Amgen v. Hospira: Litigation Update

With the September 18, 2017 trial date fast approaching, the district court in Amgen v. Hospira last week denied Hospira’s motion for summary judgment of non-infringement of its proposed biosimilar of Epogen®/Procrit® (epoetin alfa) and granted-in-part and denied-in-part the parties’ respective motions for exclusion of expert testimony.

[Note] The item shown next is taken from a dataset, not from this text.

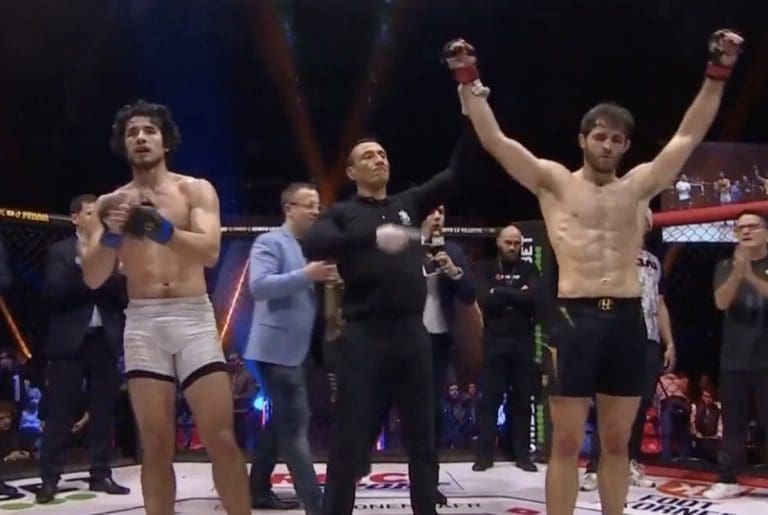 Lire la suite à propos de l’article Hexagone MMA : Une soirée riche en émotions au Zénith de Paris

As we previously reported, Hospira filed a motion in May 2017 for summary judgment of non-infringement on grounds that the accused EPO batches are (1) protected by the safe harbor provision of 35 U.S.C. § 271(e)(1), and therefore did not infringe the ‘349 and ‘298 patents, and (2) that they did not infringe the ‘298 asserted claims directed to EPO isoforms and methods of preparing such isoforms.  The court denied summary judgment on both grounds.  On the safe harbor issue, the court found a genuine dispute as to whether Hospira’s manufacture of 21 lots of commercial inventory of EPO, with a commercial value “in the hundreds of millions,” was “solely for uses reasonably related to the development and submission of information” to the FDA.  The district court also found a genuine dispute as to whether Hospira practiced the isoform claims, rejecting its argument that it merely practiced the prior art purification process.  The district court also construed the term “preparing a mixture of two or more” as “allowing for simultaneous preparation of a mixture of the isoforms,” thus rejecting Hospira’s defense that it made the isoforms separately prior to making the mixture.

The district court also rejected-in-part and granted-in-part each parties’ motion to exclude expert testimony.  Notably, in response to Hospira’s motion, the district court precluded Amgen’s expert from presenting his opinion on a $415.3 million lump sum royalty payment, instead limiting him to a maximum figure of $153.9 million.